__BRIEF__.
Once you find the line with "Simmi’s Emporium Hoot" in the entries below, print it and each line after it up to and including the line with "Gardeningwill LED String", exactly, without pictures.

### EXERCISE DATA ###

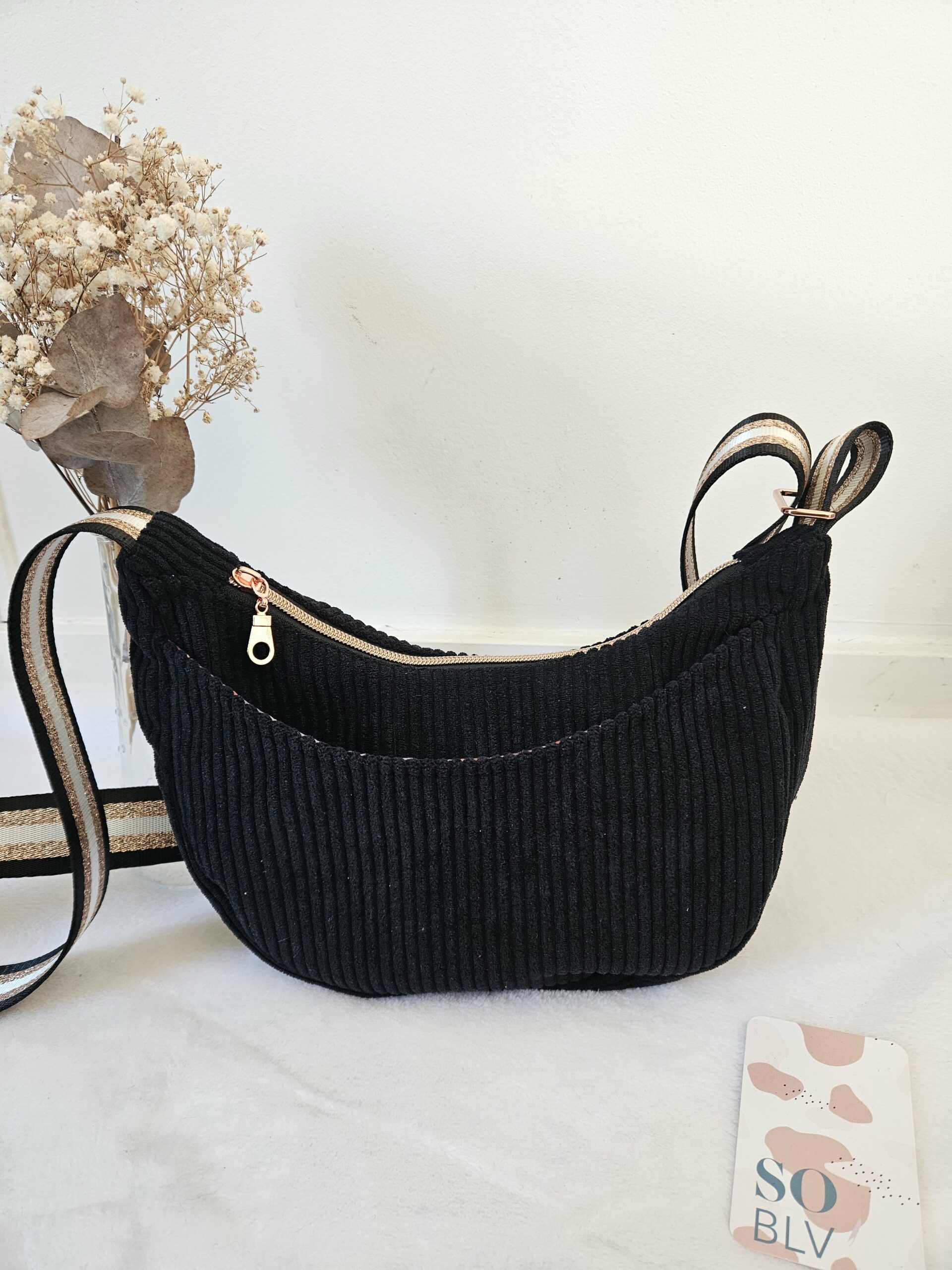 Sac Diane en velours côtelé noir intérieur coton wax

###
### EXERCISE DATA ###

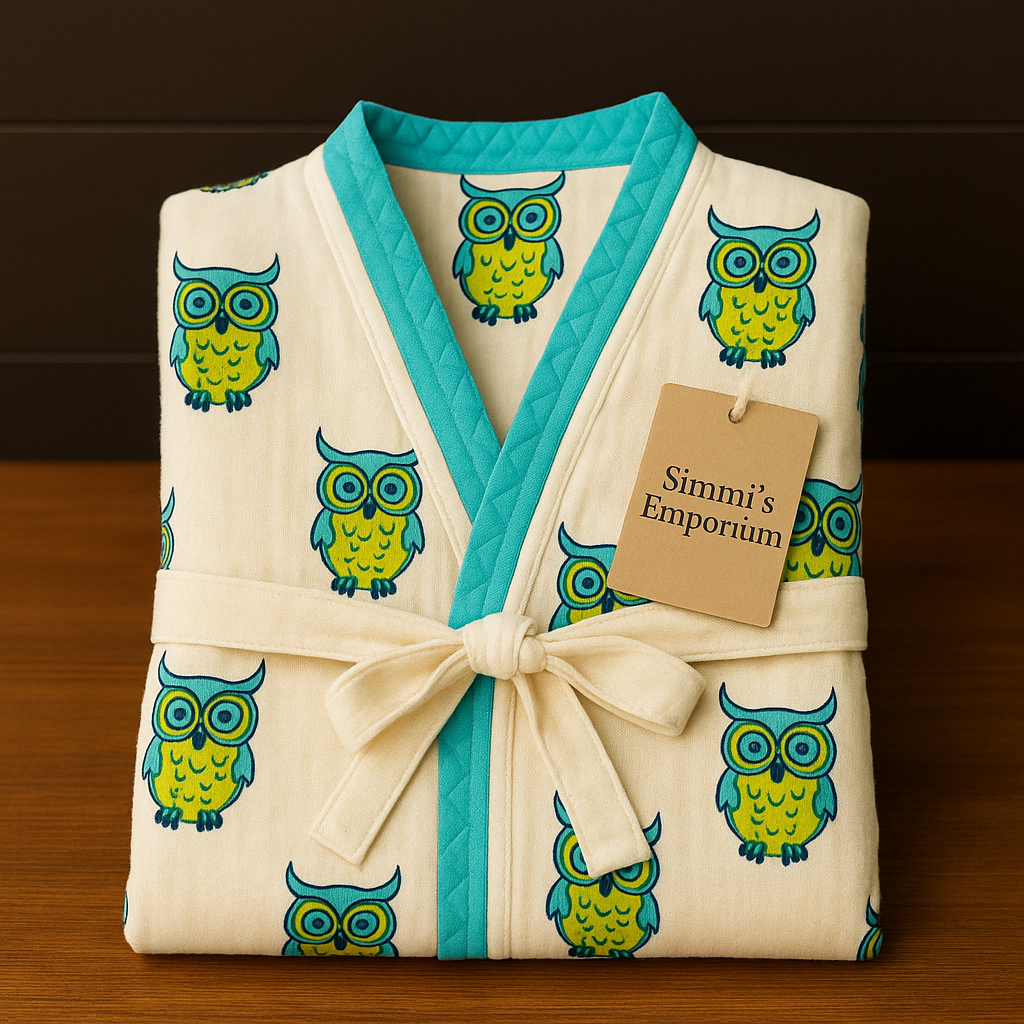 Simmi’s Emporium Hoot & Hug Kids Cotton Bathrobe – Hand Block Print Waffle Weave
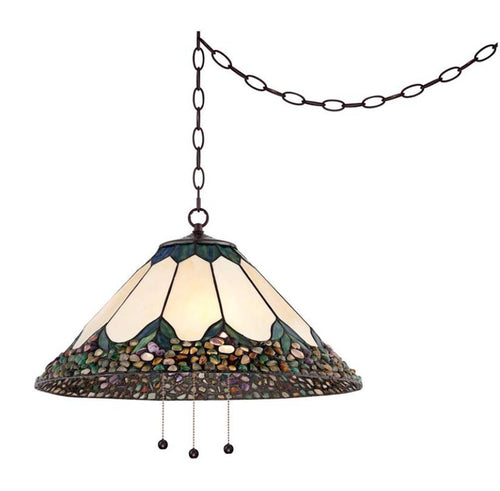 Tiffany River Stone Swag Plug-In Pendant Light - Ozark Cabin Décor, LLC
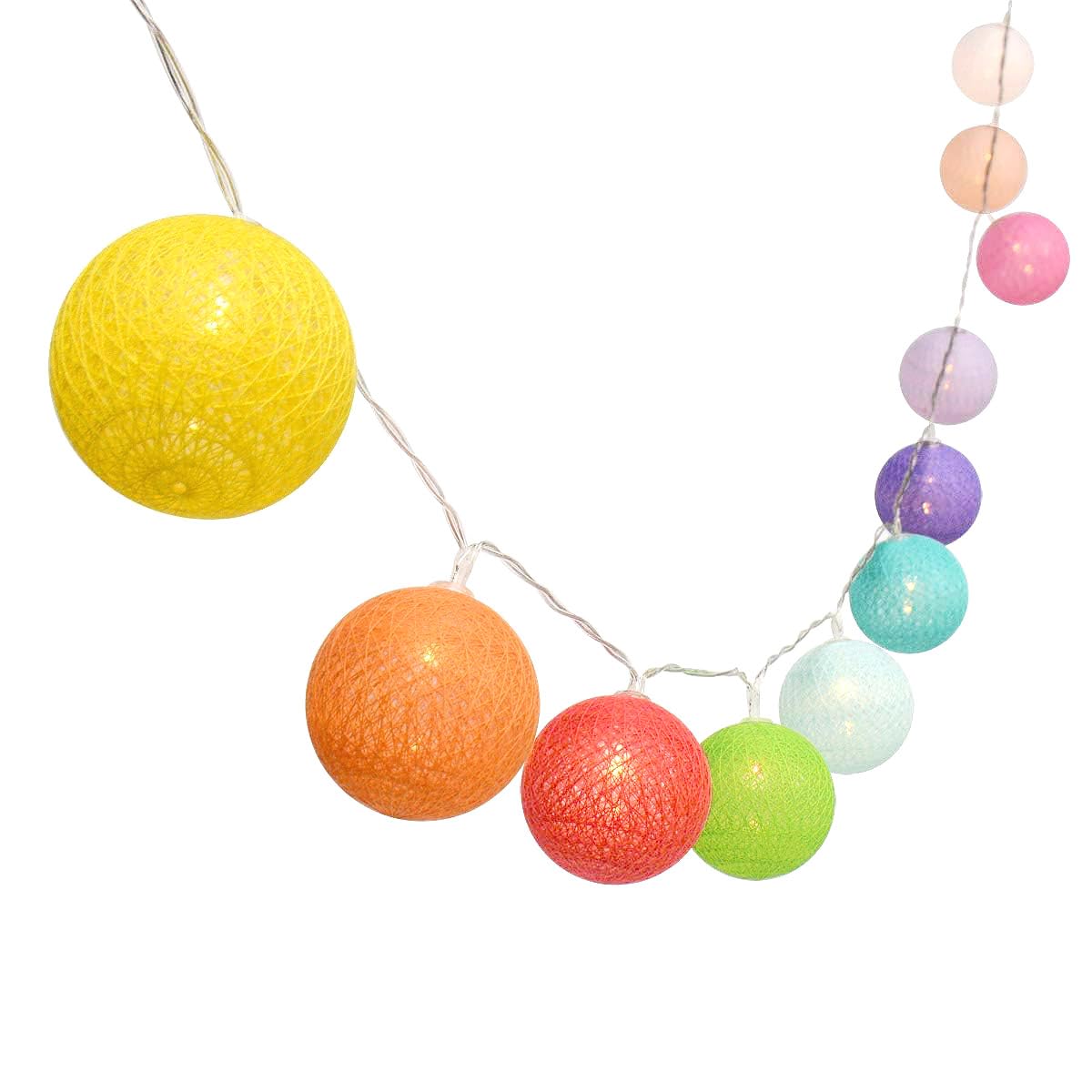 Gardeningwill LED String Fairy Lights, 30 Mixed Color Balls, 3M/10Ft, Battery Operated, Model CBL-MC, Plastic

###

__SOLUTION TO THIS EXERCISE__.
 Simmi’s Emporium Hoot & Hug Kids Cotton Bathrobe – Hand Block Print Waffle Weave
 Tiffany River Stone Swag Plug-In Pendant Light - Ozark Cabin Décor, LLC
 Gardeningwill LED String Fairy Lights, 30 Mixed Color Balls, 3M/10Ft, Battery Operated, Model CBL-MC, Plastic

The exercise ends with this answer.